Without pictures, repeat exactly the lines from the one containing "Cordless Crack Weeder" through the end of the entries.

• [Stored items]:
◇ ◇ ◇ ◇ ◇ ◇ ◇
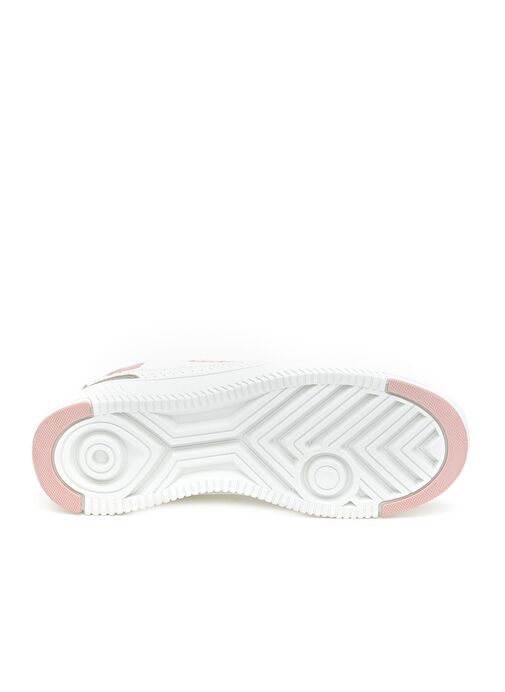 U.S. Polo Assn. Kadın Beyaz Spor Ayakkabı 50304476-VR001 - Görsel 6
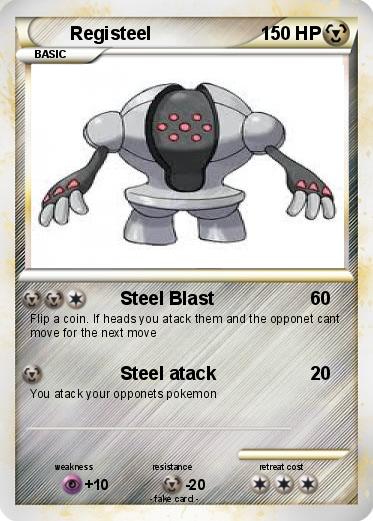 Pokemon Registeel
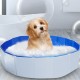 Pet Outdoor Swimming Pool Shower Foldable Pet Swimming Pool Easy Carry Dog Cat Pet Shower Swimming Pool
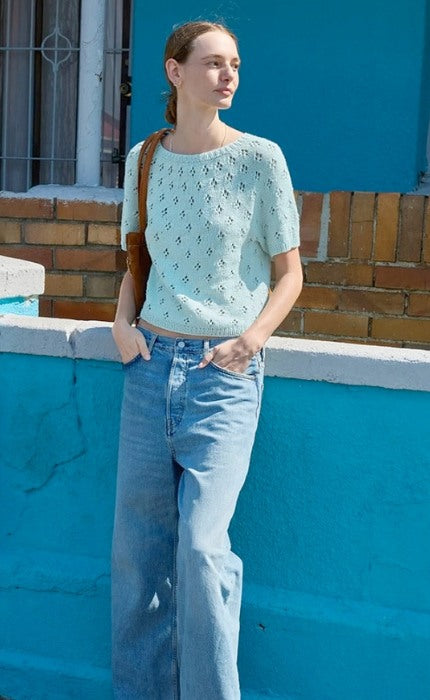 Elodie Tee - MANDARIN PETIT & TYNN LINE - Strickpaket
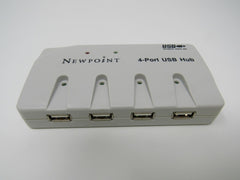 Newpoint 4 Port USB Hub Universal Series Bus -- Used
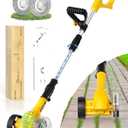 Cordless Crack Weeder Compatible for Dewalt 20V 60v Battery (NO Battery), Electric Crack Weeder Tool with Wire & Nylon Blush, for Patio Sidewalk Driveway Garden Paver Cleaning (Bare Tool)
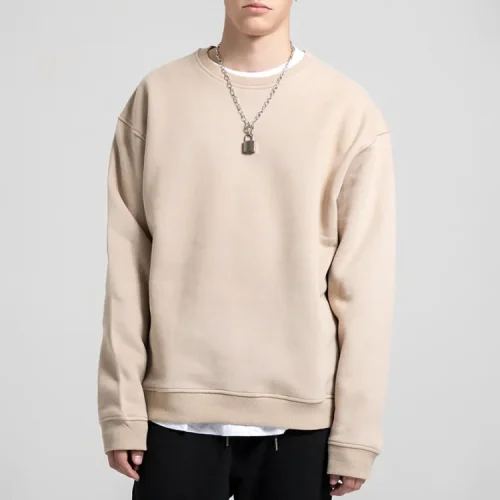 Branded and Stylish Cropped Sweatshirt for Men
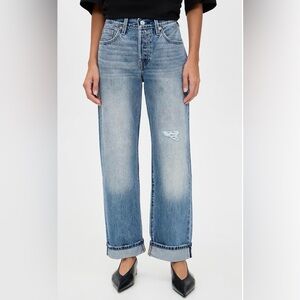 Levi’s 501 90’s fresh plan selvage denim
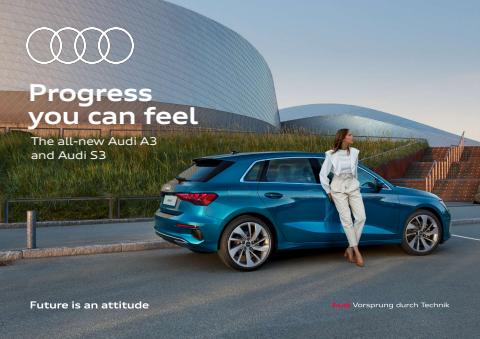 Audi catalogue | Audi A3 | 2022/04/01 - 2023/01/31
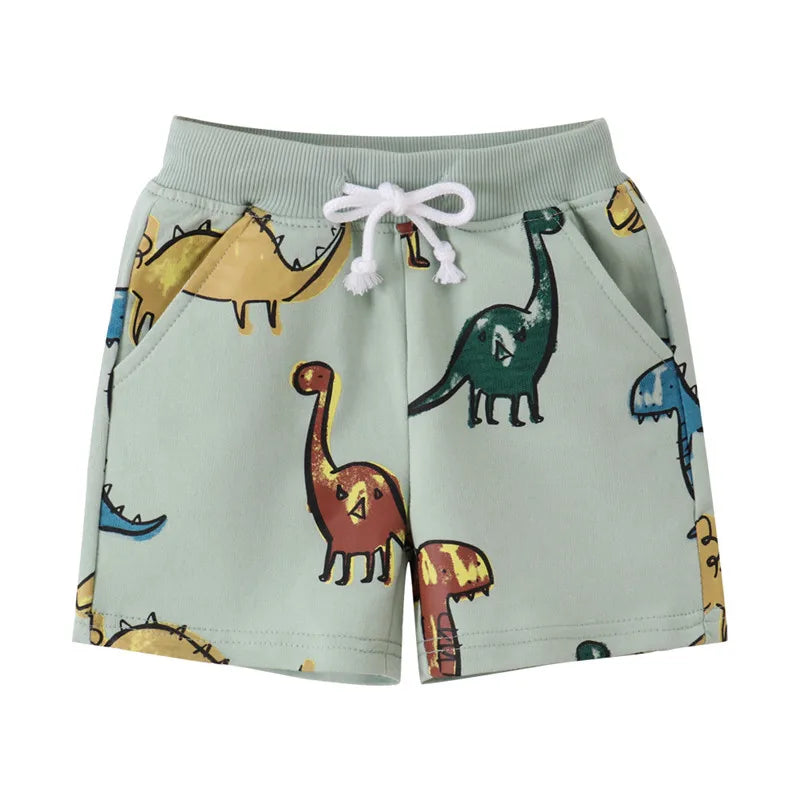 Summer Animal Printed Boys Shorts
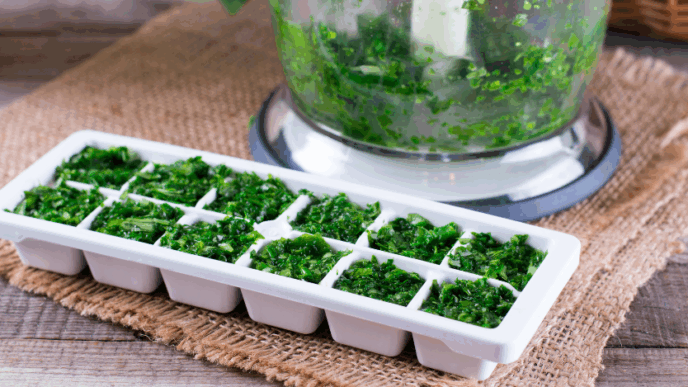 Як зберігати зелень свіжою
◇ ◇ ◇ ◇ ◇ ◇ ◇
• [Your response]:
 Cordless Crack Weeder Compatible for Dewalt 20V 60v Battery (NO Battery), Electric Crack Weeder Tool with Wire & Nylon Blush, for Patio Sidewalk Driveway Garden Paver Cleaning (Bare Tool)
 Branded and Stylish Cropped Sweatshirt for Men
 Levi’s 501 90’s fresh plan selvage denim
 Audi catalogue | Audi A3 | 2022/04/01 - 2023/01/31
 Summer Animal Printed Boys Shorts
 Як зберігати зелень свіжою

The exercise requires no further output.